Sustainable development: where do we stand?

20/06/2012

Economy



Rio+20, the U.N. Conference on Sustainable Development, opens today. It comes exactly twenty years after the Earth Summit in Rio de Janeiro, and also gives us the opportunity to take stock of what has (or has not) been done since then to create the conditions for greater sustainable development.

I believe, in any event, that a first objective has been reached: environmental issues are on the agenda. People’s awareness has increased significantly and many appreciate the importance of integrating the economy with sustainability and social responsibility values. Just think, for example, of the term green economy, which today is used everywhere. This denotes an econometric system that measures costs and benefits not only in purely economic terms, but also as regards environmental impact. A concept Robert Kennedy (the source of the title of this blog, Each Time a Man) would have liked: he explained how GDP measures everything, “except that which makes life worthwhile”.

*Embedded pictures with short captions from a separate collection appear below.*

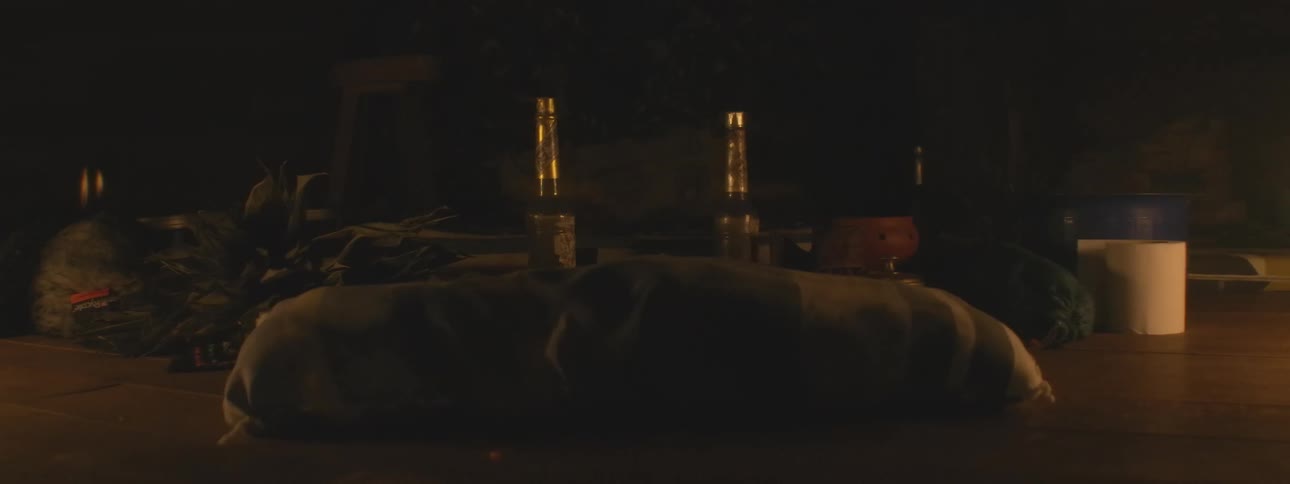 Two mysterious bottles sit on a table outside at night as smoke rises into the darkness
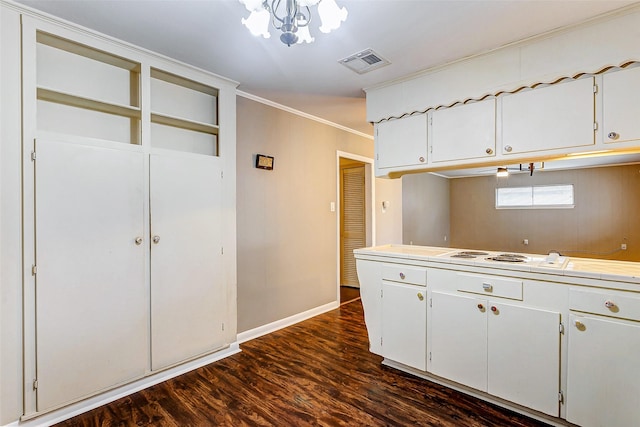 kitchen with white cabinets, crown molding, and dark wood-type flooring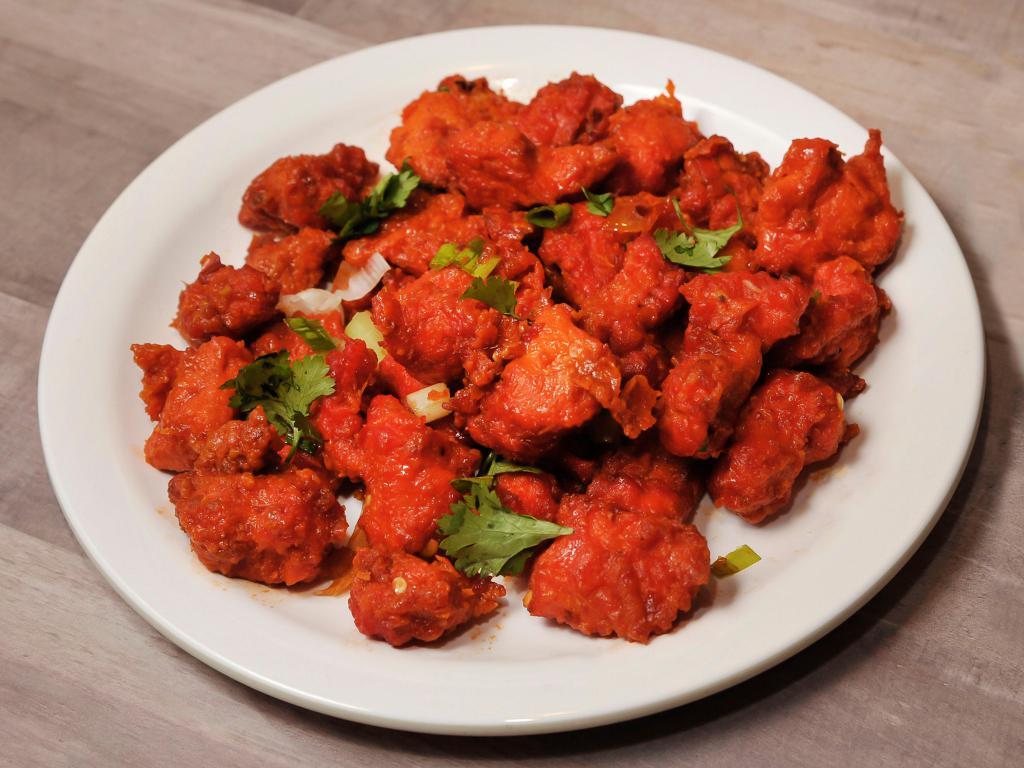 Chicken Manchurian · Wet. Battered chicken sauteed with onions, bell peppers and soya sauce.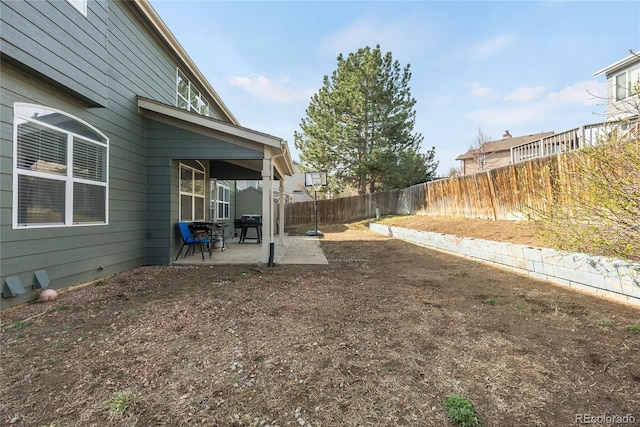 5149 S Genoa Ct, Centennial, CO 80015 - fenced backyard featuring a patio area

For a long time there was the idea that to save the environment we would have to halt development and growth, put the brakes on an economy considered predatory and incapable of controlling its impact on the environment and society. Today, many take what is, in various ways, the opposite view, in line with what Al Gore has been asserting for years: not only can the economy and the environment coexist, they must do, because only an ethically rethought economy can produce the solutions for creating a cleaner, more habitable world.